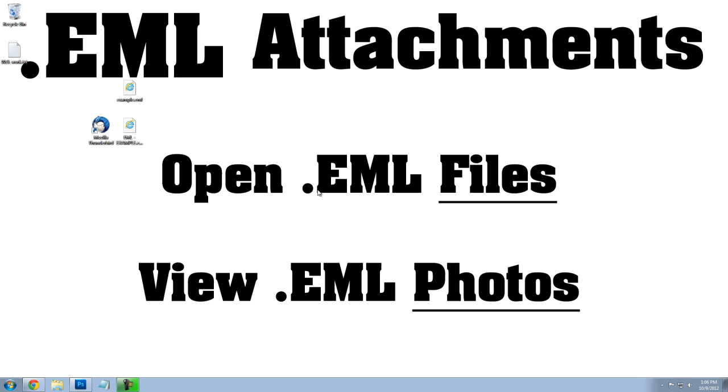So let's assume that you received a .eml file, and you've downloaded that file, and all you want to do is open it and see what's inside.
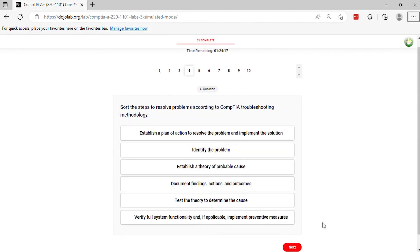Question 4. Sort the steps to resolve problems according to CompTIA troubleshooting methodology.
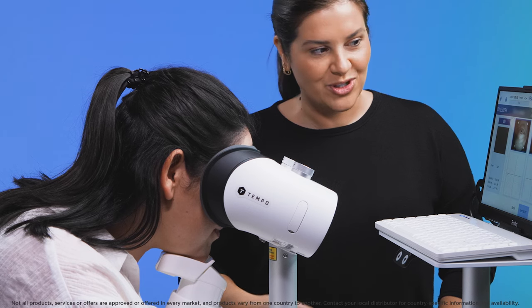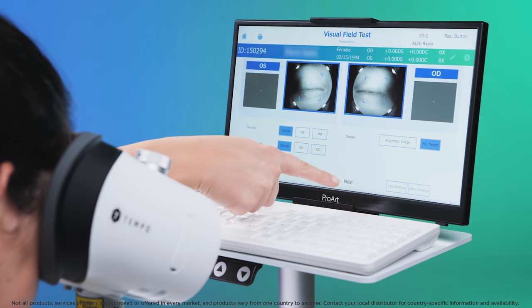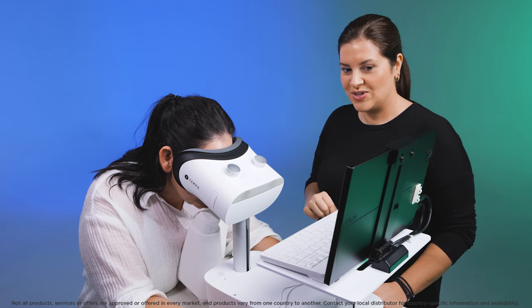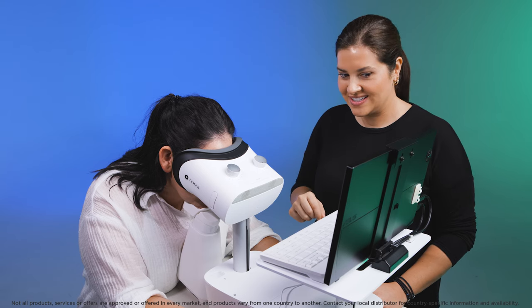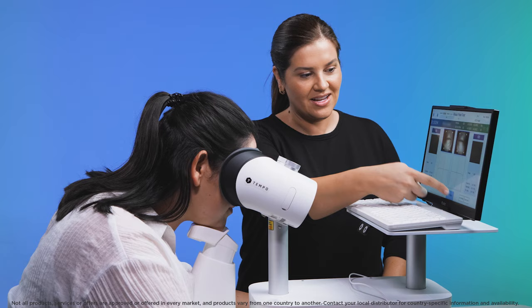Direct the patient to keep looking straight ahead at the alignment image and press next. Check with the patient to make sure they see the fixation as a single cross and not double. Then start the test by clicking test start. The test begins after a countdown from three to one.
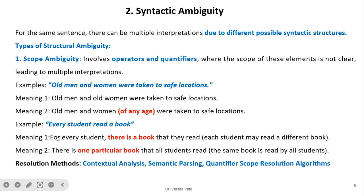Another example: 'every student read a book' — possible interpretations are: for every student there is a book they are reading, or there is one particular book that all students read. The context or syntactic structure is not clear whether every student reads the same book or each student reads a different book. Resolution methods include contextual analysis, semantic parsing, and quantifier scope resolution algorithms to remove scope ambiguity.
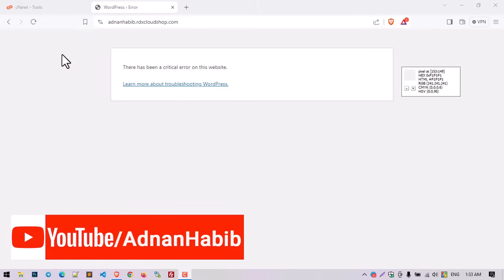Hello everyone, welcome to my YouTube channel. Today in this video tutorial I'm going to show you how you can solve the 'There has been a critical error on this website' problem in your WordPress website.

****************

* Work request *
Using the data above, transcribe exactly the lines between those containing "Question 4. Sort" and "Direct the patient", inclusive, and leave every picture behind.

* Exercise response *
Question 4. Sort the steps to resolve problems according to CompTIA troubleshooting methodology.
Direct the patient to keep looking straight ahead at the alignment image and press next. Check with the patient to make sure they see the fixation as a single cross and not double. Then start the test by clicking test start. The test begins after a countdown from three to one.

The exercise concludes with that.